My personal experience has been that students and budding designers
and such will repeat them anyway, and learn from them. This is one of
the things school is for -- to get that phase over with before they
are making stuff for actual consequential purposes instead of as
educational assignments. :)
There's also the distilled wisdom of the usability professionals and
their reams of documents, guidelines, and whitepapers, plus the "copy
something you know works well" approach.
Hell, us Java coders just need to not egregiously abuse the ability to
make custom Swing components and L&Fs to get a UI that should be
decently usable. We concern ourselves with putting the particular
controls into the UI that are needed; Swing concerns itself with
making them work properly with the keyboard and mouse. Larger-scale
usability issues arise of course, such as how to organize things, but
even there there are standard patterns you see everywhere that you can
copy, and the Swing guidelines and Java Tutorial and conventions and
even the way the controls themselves work tends to push one toward
making a "normal" UI.
[ snip interesting speculation ]
"Speculation"? It's a surer bet than whatever your local weatherman is
forecasting for tomorrow. :P
Not those specifically, but what about those hand-hackable config
files with no alternative to modifying them BUT hand-hacking that you
mentioned earlier?
I don't remember ever having a problem finding their names and
locations somewhere in the man pages or other documentation.
Of course, this is blmblm the weird we're talking about here,
who has the superhuman ability to extract information from the
admittedly imperfect Unix/Linux help. It's possible, too, that
I'm forgetting about some old-style tool that used configuration
files whose locations weren't discoverable via documentation.

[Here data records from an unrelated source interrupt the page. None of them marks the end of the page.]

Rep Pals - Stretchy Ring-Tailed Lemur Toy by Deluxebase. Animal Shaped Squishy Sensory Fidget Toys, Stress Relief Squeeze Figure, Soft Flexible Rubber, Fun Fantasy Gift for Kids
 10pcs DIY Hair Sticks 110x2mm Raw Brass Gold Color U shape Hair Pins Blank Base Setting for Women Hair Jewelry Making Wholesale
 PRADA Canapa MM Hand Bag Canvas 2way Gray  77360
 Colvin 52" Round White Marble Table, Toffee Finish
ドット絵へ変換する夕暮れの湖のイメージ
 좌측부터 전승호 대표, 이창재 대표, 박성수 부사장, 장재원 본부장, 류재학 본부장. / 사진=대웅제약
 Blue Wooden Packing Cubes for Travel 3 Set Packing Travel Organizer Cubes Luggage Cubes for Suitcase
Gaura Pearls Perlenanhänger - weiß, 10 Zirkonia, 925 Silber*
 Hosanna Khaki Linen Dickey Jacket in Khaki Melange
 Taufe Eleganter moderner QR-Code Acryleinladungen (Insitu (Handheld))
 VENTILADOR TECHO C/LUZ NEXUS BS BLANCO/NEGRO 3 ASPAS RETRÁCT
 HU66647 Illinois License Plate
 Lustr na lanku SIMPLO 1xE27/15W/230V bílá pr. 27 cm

"Modern" tools, though, seem not to document at all where they
store configuration information. It's "magic". I think I've
made that point before, though. <shrug>
Usually, they provide their own interface to change the information,
and expect a) only the savvy user or geek-squad repairman to want more
and b) those people to know where to look. There are conventions.
Windoze apps store stuff in their Program Files subdirectory and/or
the registry. The registry has a global search. Put in the app name
and (after a few tens of minutes perhaps) as a general rule you will
find its registry keys, if it has any.
.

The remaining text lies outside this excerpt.